So much for Julia Gillard’s hope that the carbon tax debate would fade once the scheme was bedded down in the middle of last year. The issue has erupted again, hitting the government where it hurts at the worst possible time.
This week’s decision by the European parliament not to prop up Europe’s carbon price, which led to it falling 40% to a little over $3 a tonne, is a serious blow on two fronts.
It puts a multi-billion hole at the back end (years 2015-16 and 2016-17) of a May 14 budget that is already under major stress. The anticipated revenue would be significantly less, but the spending would still be high.
And it plays into Tony Abbott’s hands by highlighting that the Australian scheme is at present out of kilter internationally, which strengthens the voices in business complaining about competitive disadvantage.
The Australian carbon price, now $23 a tonne, is set to rise to $24.15 on July 1. It is not until 2015 that Australia would move to a floating price, when it would also be linked to the EU trading scheme.
The budget numbers are now being redone in light of the EU action. Beyond acknowledging that, Climate Minister Greg Combet has played down the European decision.
“This was just one proposal of a number that they are considering to support their emissions trading scheme, so it will now be considered further by the [EU] parliament’s environment committee in Europe”, Combet said on Wednesday, seeming to suggest it might be changed at some point.
The decision has set off a chorus from business with the Australian Industry Group calling for an immediate move to a floating price.
That’s the last thing the government would want to do from a budget point of view. The fiscal impact doesn’t come until 2015-16. If the market was brought forward so would the budget pain.
Ross Garnaut, who prepared the initial work on the carbon scheme for the Government, seeks to put this week’s events into perspective.
“There is a lot of water to go under the bridge before the European emissions price is determined for 2015 and later years. A tightening of targets or restoration of economic growth would change the price outlook.
"In the meantime, the low European price has no effect on the Australian budget or carbon scheme until 2015. Keeping the current arrangements in place will see the Australian price rise with increased international effort after 2015.

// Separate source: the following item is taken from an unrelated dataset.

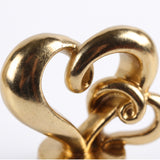 Metallic Gold Heart Surface Close Up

"There would be trivial competitiveness gains once free permits to emitters are taken into account, and large budget losses, from moving earlier to link with Europe.”

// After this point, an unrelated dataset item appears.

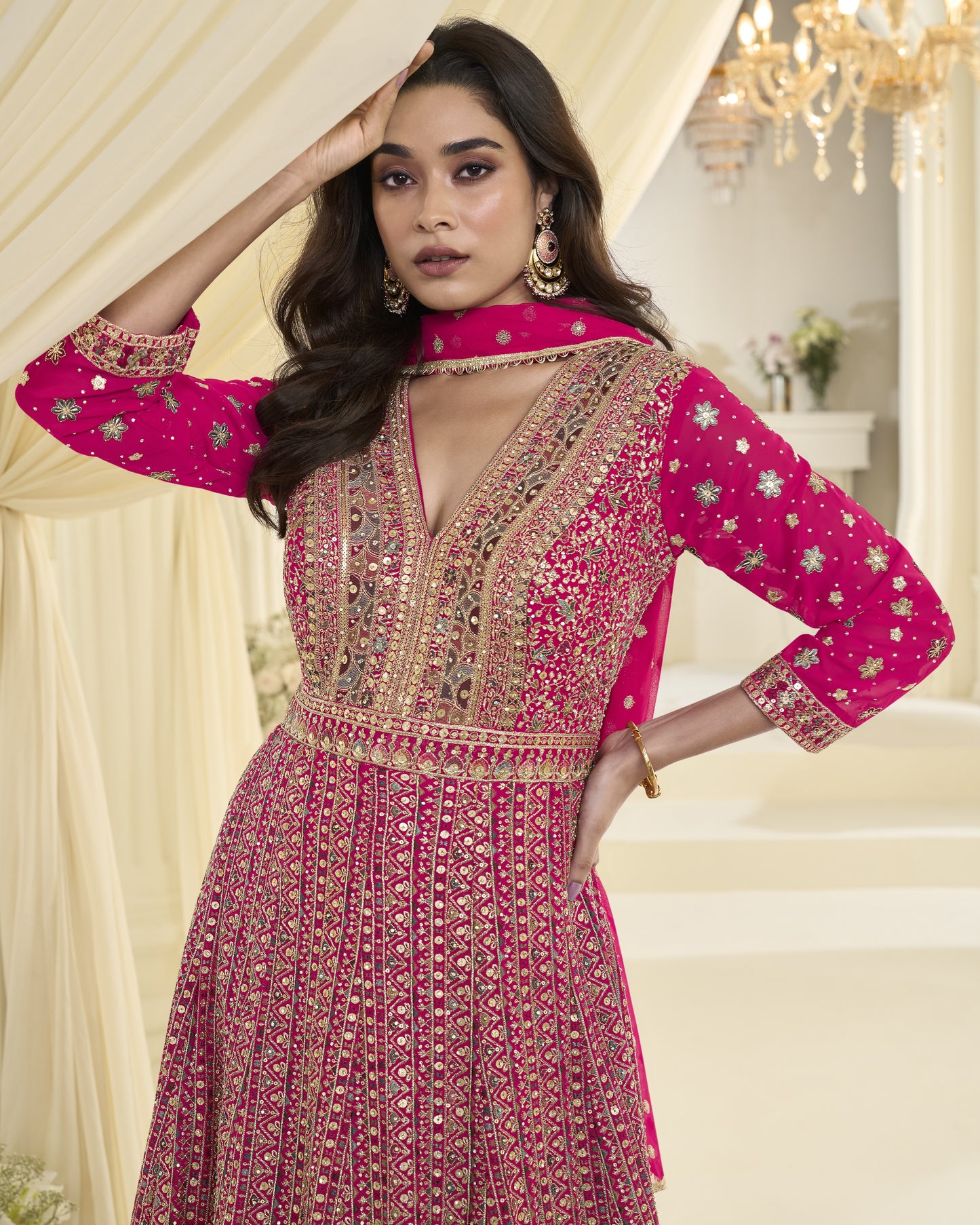 Woman wearing a pink and red embroidered traditional outfit in an elegant indoor setting.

On the long term view, 2015 is in the distance, but it’s just around the corner for harassed Labor ministers and their officials.
Speculation puts the hole in the budget at perhaps a total of $10 billion for the two years, starting from mid 2015.
But what will appear in the budget will depend on the official estimate of the price in those years and the EU situation injects more uncertainty.
The climate change optimists hope for a recovery; those pessimistic about the European economy will predict the opposite.
Whatever estimate Treasury puts in its figures will be open to debate in the budget where the Coalition will be hotly contesting any numbers that it can.
If the government was hoping to show some pathway back to surplus in the budget numbers this has been made harder.
In trying to juggle its big spending programs, the government is loading a lot into the latter years of the forward estimates – a new assault on revenue then makes this more dicey.
If the floating carbon price in 2015 was anywhere near the current EU level, there would be significant unintended results for the compensation side of the package that the government put in place last year.
Low and middle income earners and welfare recipients would get a windfall, because the compensation has been set on the assumption of a much higher price.
It is perhaps not surprising that the EU, faced with Europe’s immense problems, has opted for short term economics over longer term environmental issues.
In Australia, despite a much more benign economic situation, even mildly harder times have worked against support for tackling climate change.
What was such a strong issue for Kevin Rudd in 2007 will help Tony Abbott in 2013, regardless of the criticisms of his “direct action” alternative.
Last year’s Lowy poll found that for the first time Australians favouring an intermediate approach to the problem of global warming outnumbered those supporting the most aggressive form of action.
One third (36%) backed taking steps now “even if this involves significant costs” – compared with two thirds (68%) in 2006.
Last year 45 per cent backed the option which said that “the problem of global warming should be addressed, but its effects will be gradual, so we can deal with the problem gradually by taking steps that are low in cost”.
The EU decision may help Abbott in another way, if he is elected. Opposition climate action spokesman Greg Hunt said yesterday a Coalition government would expect and urge the ALP “to accept the clear mandate of a new government” and not block the legislation to repeal the scheme.
A very low European price could make it more difficult for a Labor opposition to stand against repeal of a scheme that looked out of sync.
On the other hand, the complex task of unwinding the carbon model could turn into a nightmare for a first term Liberal government.